The COVID-19 pandemic has hit African American, Hispanic, and poor communities across the United States particularly hard. The health disparities that existed before COVID-19 have been greatly exacerbated, with a disproportionate impact on these communities. The questions are why, and what to do about it.
In this Q&A, we spoke with Icahn School of Medicine at Mount Sinai professor and public health research scientist Luz Claudio, PhD.
Why are we seeing such high rates of COVID-19 among African American and Hispanic people?
Health disparity by race, ethnicity, and income is a thing that we know about. There is even a National Institutes of Health institute dedicated to that issue. COVID has just blown the lid off this boiling problem that was already there. It’s been far too long that minority communities, minority people of color, low-income people have been suffering from higher disease levels and more severe disease in many cases.
How are communities of color particularly vulnerable to COVID-19?
There are several factors that contribute to higher rates of disease and death from COVID-19 among people of color. One is that many work in the newly “essential” jobs—where they are exposed to the virus—and are going back home to their families—further spreading the condition.

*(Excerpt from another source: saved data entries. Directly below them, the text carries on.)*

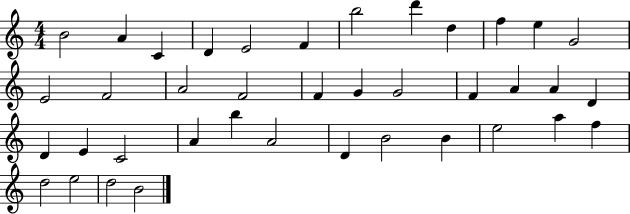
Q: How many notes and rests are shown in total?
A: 39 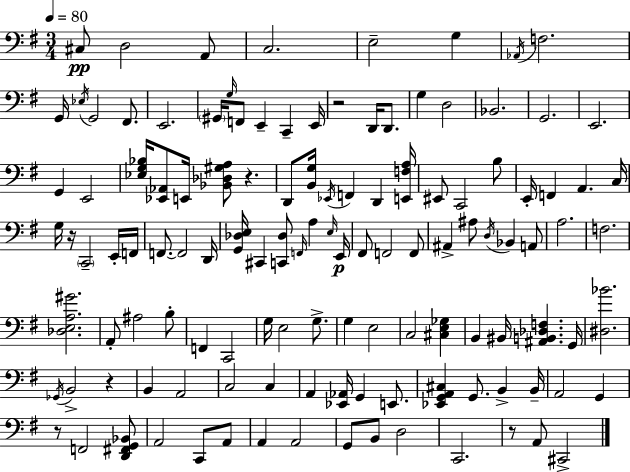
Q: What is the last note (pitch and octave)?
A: C#2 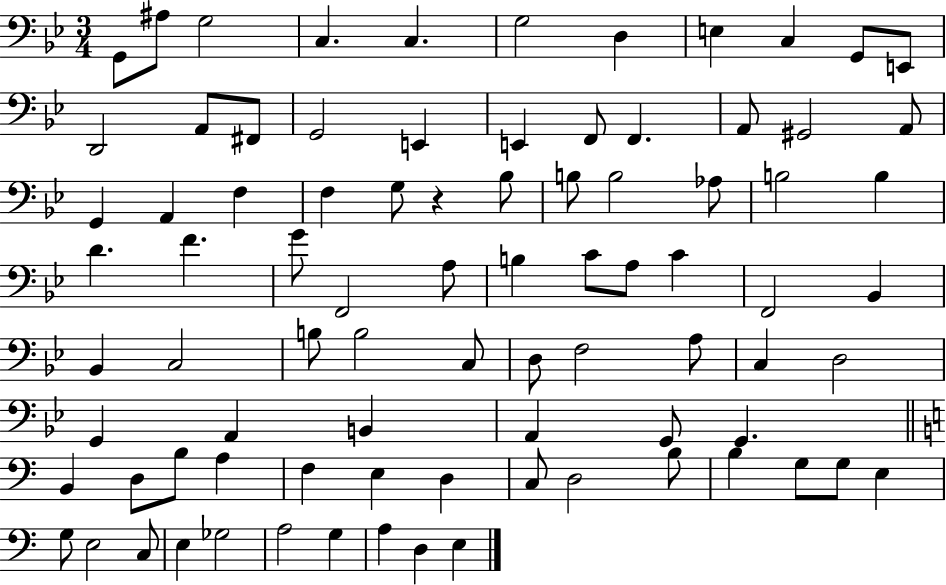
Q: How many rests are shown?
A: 1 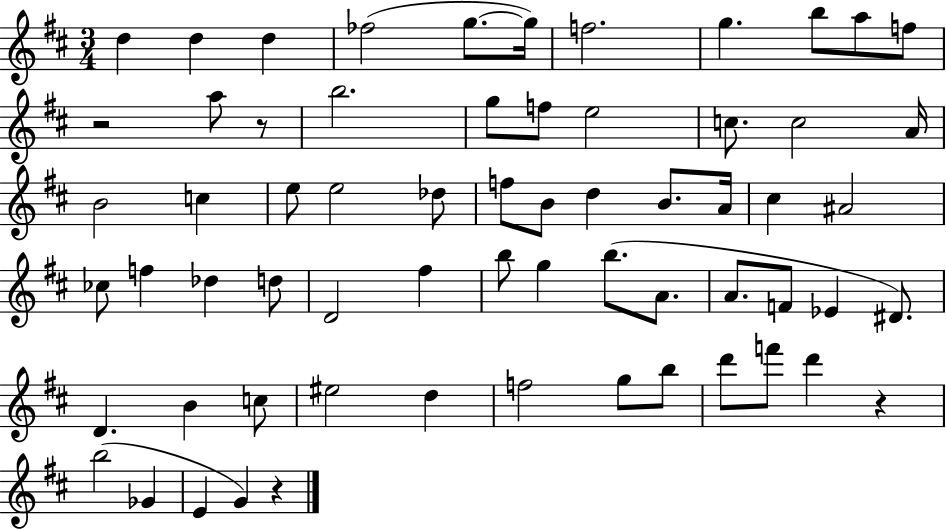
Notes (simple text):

D5/q D5/q D5/q FES5/h G5/e. G5/s F5/h. G5/q. B5/e A5/e F5/e R/h A5/e R/e B5/h. G5/e F5/e E5/h C5/e. C5/h A4/s B4/h C5/q E5/e E5/h Db5/e F5/e B4/e D5/q B4/e. A4/s C#5/q A#4/h CES5/e F5/q Db5/q D5/e D4/h F#5/q B5/e G5/q B5/e. A4/e. A4/e. F4/e Eb4/q D#4/e. D4/q. B4/q C5/e EIS5/h D5/q F5/h G5/e B5/e D6/e F6/e D6/q R/q B5/h Gb4/q E4/q G4/q R/q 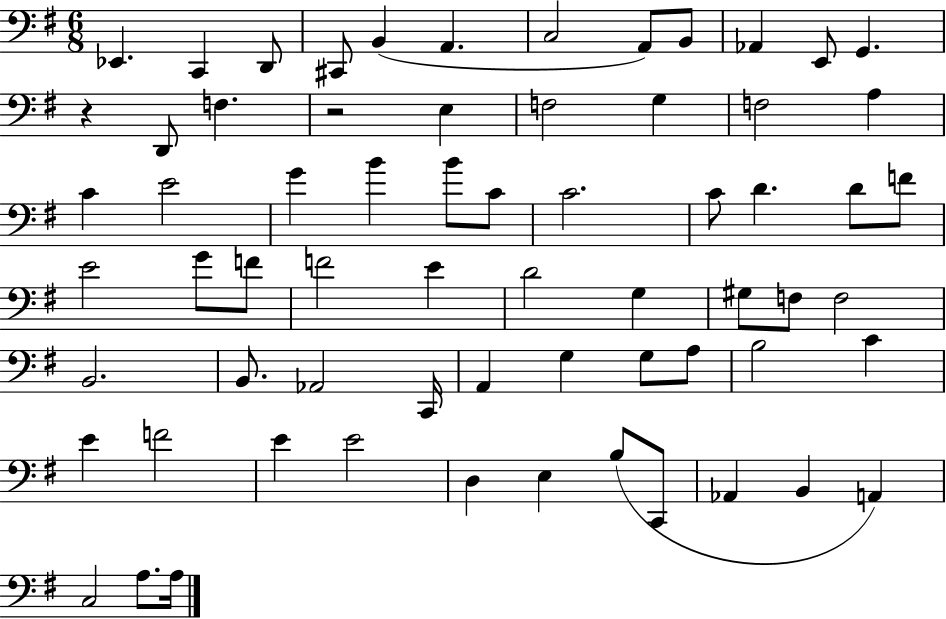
X:1
T:Untitled
M:6/8
L:1/4
K:G
_E,, C,, D,,/2 ^C,,/2 B,, A,, C,2 A,,/2 B,,/2 _A,, E,,/2 G,, z D,,/2 F, z2 E, F,2 G, F,2 A, C E2 G B B/2 C/2 C2 C/2 D D/2 F/2 E2 G/2 F/2 F2 E D2 G, ^G,/2 F,/2 F,2 B,,2 B,,/2 _A,,2 C,,/4 A,, G, G,/2 A,/2 B,2 C E F2 E E2 D, E, B,/2 C,,/2 _A,, B,, A,, C,2 A,/2 A,/4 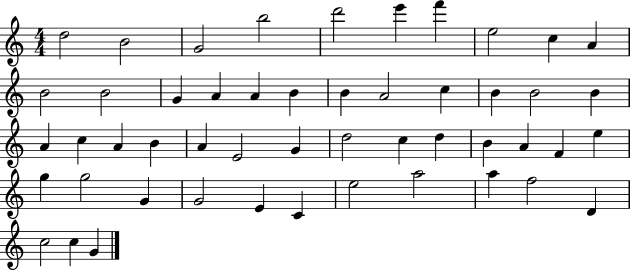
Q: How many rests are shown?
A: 0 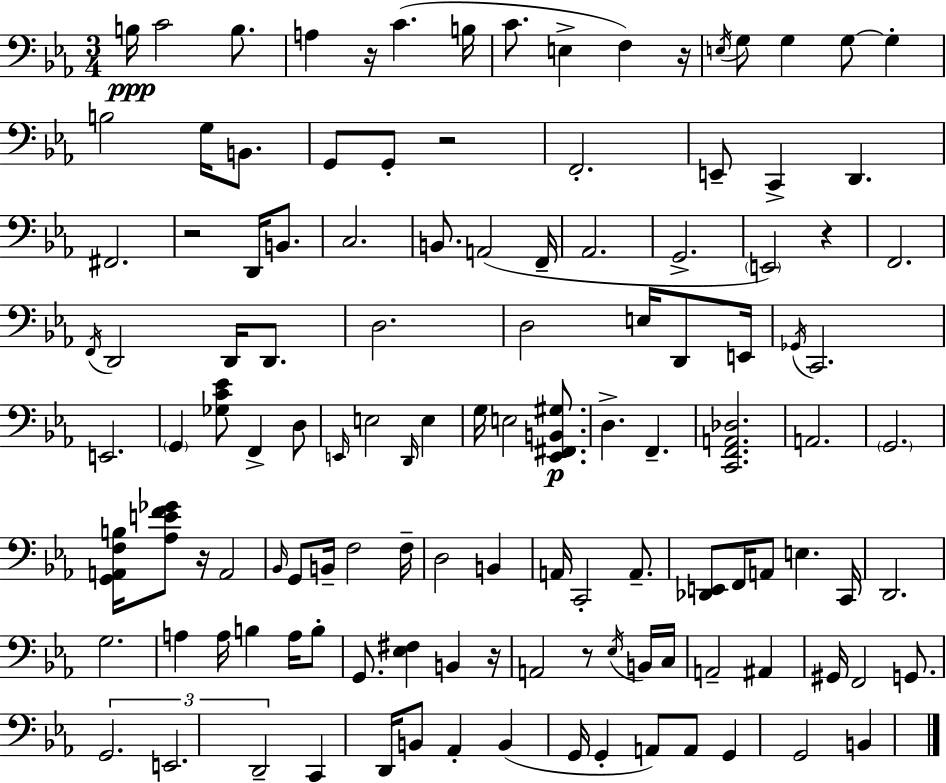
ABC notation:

X:1
T:Untitled
M:3/4
L:1/4
K:Eb
B,/4 C2 B,/2 A, z/4 C B,/4 C/2 E, F, z/4 E,/4 G,/2 G, G,/2 G, B,2 G,/4 B,,/2 G,,/2 G,,/2 z2 F,,2 E,,/2 C,, D,, ^F,,2 z2 D,,/4 B,,/2 C,2 B,,/2 A,,2 F,,/4 _A,,2 G,,2 E,,2 z F,,2 F,,/4 D,,2 D,,/4 D,,/2 D,2 D,2 E,/4 D,,/2 E,,/4 _G,,/4 C,,2 E,,2 G,, [_G,C_E]/2 F,, D,/2 E,,/4 E,2 D,,/4 E, G,/4 E,2 [_E,,^F,,B,,^G,]/2 D, F,, [C,,F,,A,,_D,]2 A,,2 G,,2 [G,,A,,F,B,]/4 [_A,EF_G]/2 z/4 A,,2 _B,,/4 G,,/2 B,,/4 F,2 F,/4 D,2 B,, A,,/4 C,,2 A,,/2 [_D,,E,,]/2 F,,/4 A,,/2 E, C,,/4 D,,2 G,2 A, A,/4 B, A,/4 B,/2 G,,/2 [_E,^F,] B,, z/4 A,,2 z/2 _E,/4 B,,/4 C,/4 A,,2 ^A,, ^G,,/4 F,,2 G,,/2 G,,2 E,,2 D,,2 C,, D,,/4 B,,/2 _A,, B,, G,,/4 G,, A,,/2 A,,/2 G,, G,,2 B,, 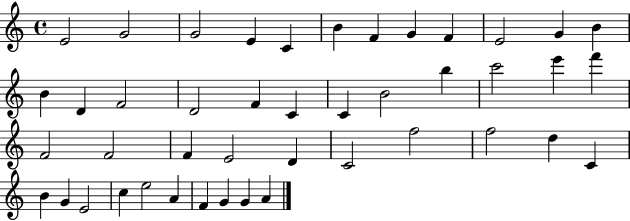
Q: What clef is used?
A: treble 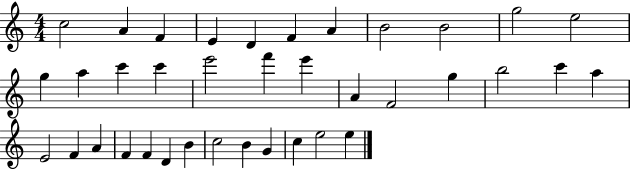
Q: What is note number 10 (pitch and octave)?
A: G5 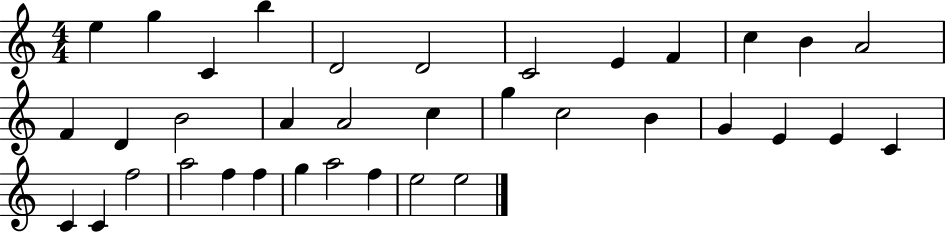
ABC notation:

X:1
T:Untitled
M:4/4
L:1/4
K:C
e g C b D2 D2 C2 E F c B A2 F D B2 A A2 c g c2 B G E E C C C f2 a2 f f g a2 f e2 e2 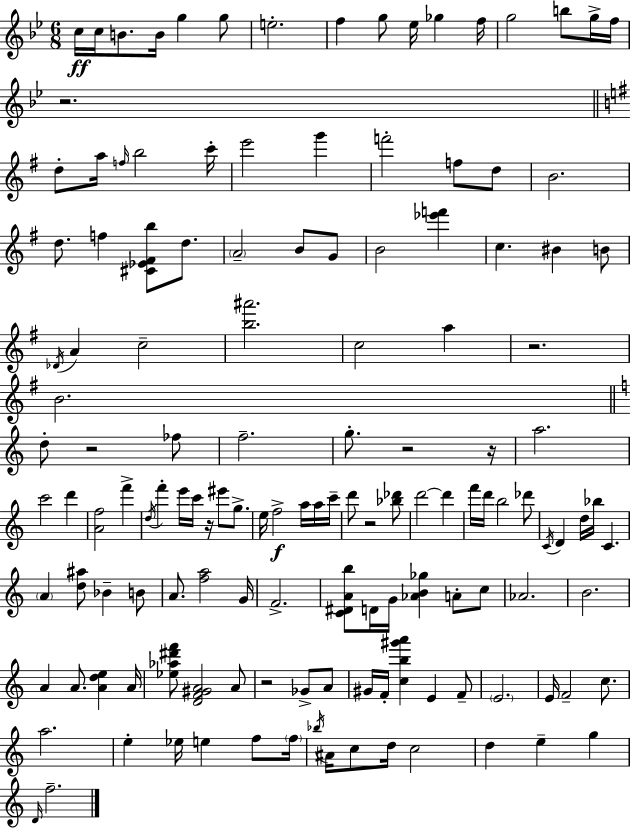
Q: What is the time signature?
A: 6/8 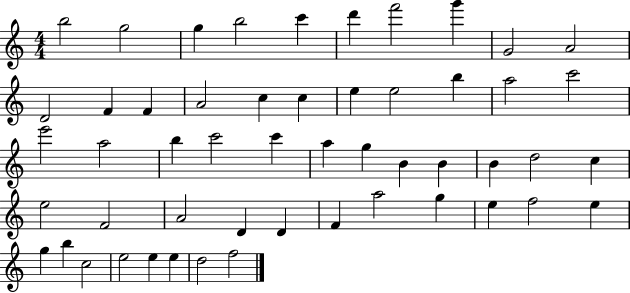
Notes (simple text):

B5/h G5/h G5/q B5/h C6/q D6/q F6/h G6/q G4/h A4/h D4/h F4/q F4/q A4/h C5/q C5/q E5/q E5/h B5/q A5/h C6/h E6/h A5/h B5/q C6/h C6/q A5/q G5/q B4/q B4/q B4/q D5/h C5/q E5/h F4/h A4/h D4/q D4/q F4/q A5/h G5/q E5/q F5/h E5/q G5/q B5/q C5/h E5/h E5/q E5/q D5/h F5/h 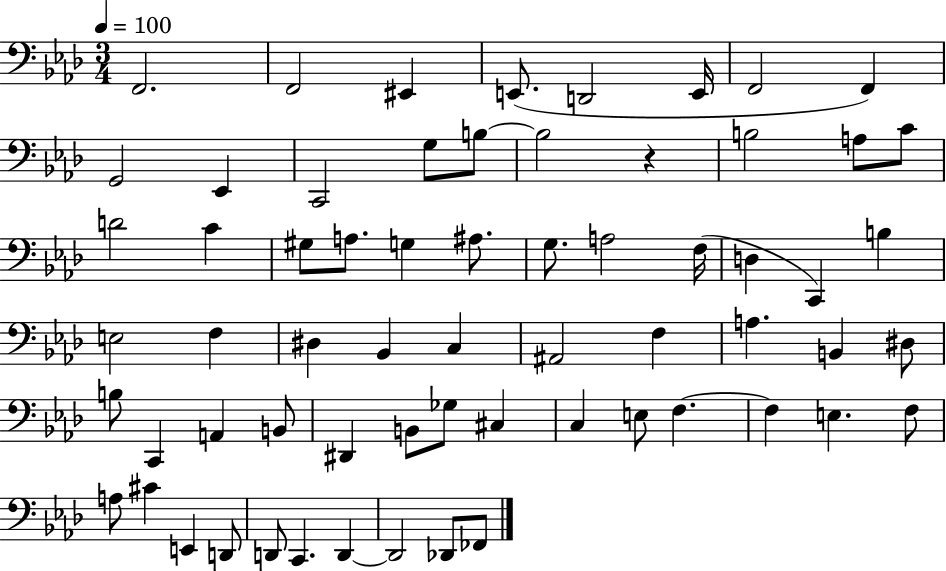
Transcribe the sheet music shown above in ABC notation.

X:1
T:Untitled
M:3/4
L:1/4
K:Ab
F,,2 F,,2 ^E,, E,,/2 D,,2 E,,/4 F,,2 F,, G,,2 _E,, C,,2 G,/2 B,/2 B,2 z B,2 A,/2 C/2 D2 C ^G,/2 A,/2 G, ^A,/2 G,/2 A,2 F,/4 D, C,, B, E,2 F, ^D, _B,, C, ^A,,2 F, A, B,, ^D,/2 B,/2 C,, A,, B,,/2 ^D,, B,,/2 _G,/2 ^C, C, E,/2 F, F, E, F,/2 A,/2 ^C E,, D,,/2 D,,/2 C,, D,, D,,2 _D,,/2 _F,,/2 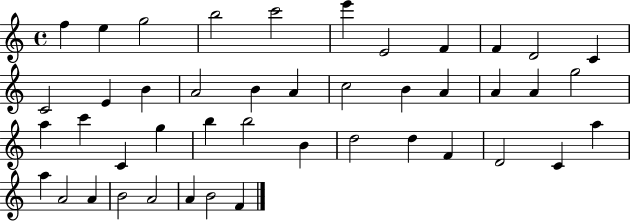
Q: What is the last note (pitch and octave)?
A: F4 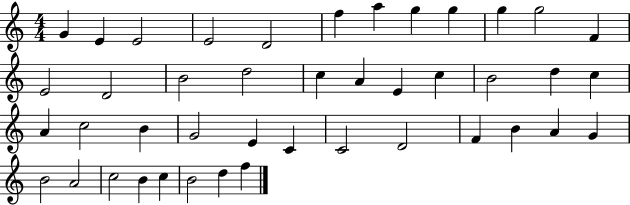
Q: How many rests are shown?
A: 0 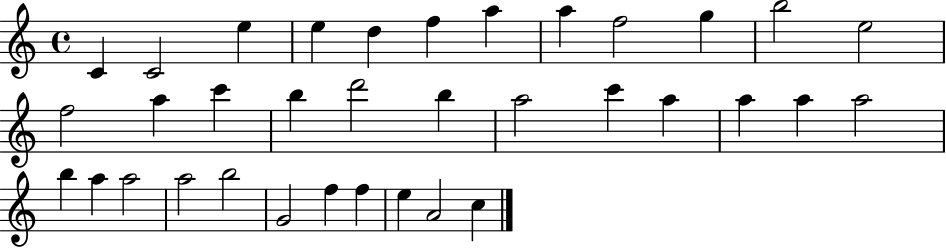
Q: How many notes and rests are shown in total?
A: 35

Another issue is crowding in the household, as people of color tend to have higher numbers of people living in one household—sometimes several generations in one home. Young people, who are risking themselves out there working, often have no way to self-isolate in their household and may inadvertently expose people who are more vulnerable than they are in terms of age or having other diseases.
Not only do they have these conditions more often, but also they’re out there. They’re working in these jobs and they’re being exposed to everything.
Importantly, as our research and that of many others has found, communities of color have higher rates of the very chronic diseases that increase the risk of death due to coronavirus.
How can health care organizations help to make up for disparities?
One of the things that we can do now, instead of waiting until the pandemic is over, is research, as Mount Sinai and other institutions are doing. We need to make institutional policies that correct the health disparities now, not just track them. We need to act now.
Prioritize the people at risk. If you’re only 46 years old but you have diabetes, that should be part of the priority station for testing you for COVID. We should prioritize people at risk because of their comorbidities, and that is going to be mostly minority people. Another thing that we can do is outreach where there is greater risk. Partner with trusted community-based organizations to get the testing and messaging out.
How can health care organizations alleviate any mistrust between themselves and vulnerable populations?
As an institution, we can partner with community-based organizations that already have that kind of trust as a bridge and really collaborate with them equally.
This is a good example of the way health care institutions can reach and be seen as part of the community. That’s another one of our responsibilities as a health care institution: to build that trust through a bridge of people who are already doing the work at the grassroots level.
The Mount Sinai Health System recently launched the Institute for Health Equity Research, which is dedicated to examining the causes and magnitude of health and health care disparities impacting nonwhite, low-income, immigrant, uninsured, LGBTQ+, and other populations across all ages, abilities, and genders. In partnership with local community groups, the Institute is now launching a survey of the health and social impacts of COVID-19. Speak Up on COVID-19: Help Us Help ALL New Yorkers seeks 10,000 respondents across the area.